La silloge si sviluppa secondo una trama di echi e corrispondenze, che rivelano come la parola poetica sia concepita dell’autrice come metodo investigativo di raccolta di indizi e segnali, nel tentativo di imitare il flusso del pensiero che dal mondo interiore si proietta in quello esterno e viceversa tra rimbalzi semantici, flessibilità delle risposte e germinazioni inattese di segni e suoni che cucino insieme, per esempio, l’ipotesi del Worm hole (come luogo in cui lo spazio-tempo si ripiega su se stesso per espandersi nel futuro), la memoria individuale (concepita come una sorta di resurrezione testimoniata dalle parole che proiettano i ricordi nel tempo a venire) e la Storia, come si legge nel bellissimo testo (pag. 126) intitolato “Toledot”. Il termine, come si legge nelle note della stessa autrice, significa ‘generazioni’, non esistendo nella lingua ebraica un equivalente a ‘Storia’: “il popolo che veglia/ più di altri la memoria/ non ha una parola che racchiuda/ la storia del passato./ La coniuga al futuro/ ne dice il potere di dar vita”. È questo, in buona sostanza, l’approdo a cui perviene l’autrice: la fede nella perennità della vita, nonostante non si conosca il vuoto, il nulla, il non-luogo, nonostante la trafittura della nostalgia per chi è stato sottratto ai sensi insieme alla consapevolezza che è il desiderio a spostare i viventi sulla linea del tempo, determinandoli a vivere – e non è vano ricordare che ‘desiderio’ trae il suo senso della distanza siderale, dal vuoto-.
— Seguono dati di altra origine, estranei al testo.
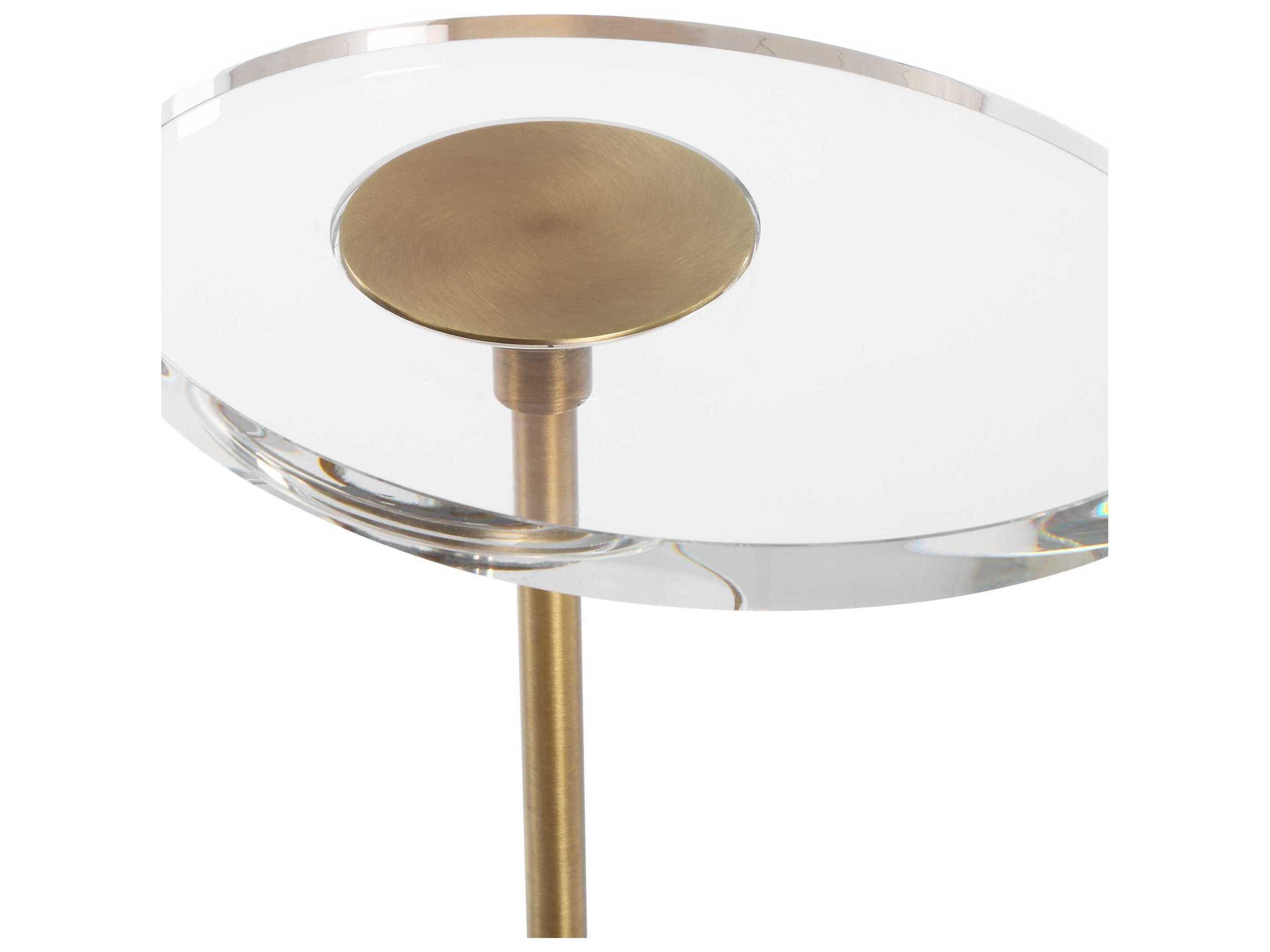 Uttermost Kaufman Oval Antique Brass End Table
Credo, infine, che sia il dolore il perno attorno a cui si sviluppa il poetare di Raffaela Fazio, in cerca del contravveleno, di un patto di alleanza fra gli estremi del nascere e del finire, alla maniera del poeta latino Lucrezio, o dell’imperatore Marco Aurelio (esergo, IV sezione), del filosofo Lucio Anneo Seneca (esergo, V sezione), cosa che evidenzia un atteggiamento di profonda moralità che a volte si coagula in asserzioni epigrammatiche, specialmente nei testi ispirati al diario di Etty Hillesum, che sembrano sintezzare la consegna ultima di un poetare di tale impatto etico-filosofico da trans-formarci, secondo il suo etimo che, tra l’altro, fa riferimento alla parte transpsichica dell’uomo.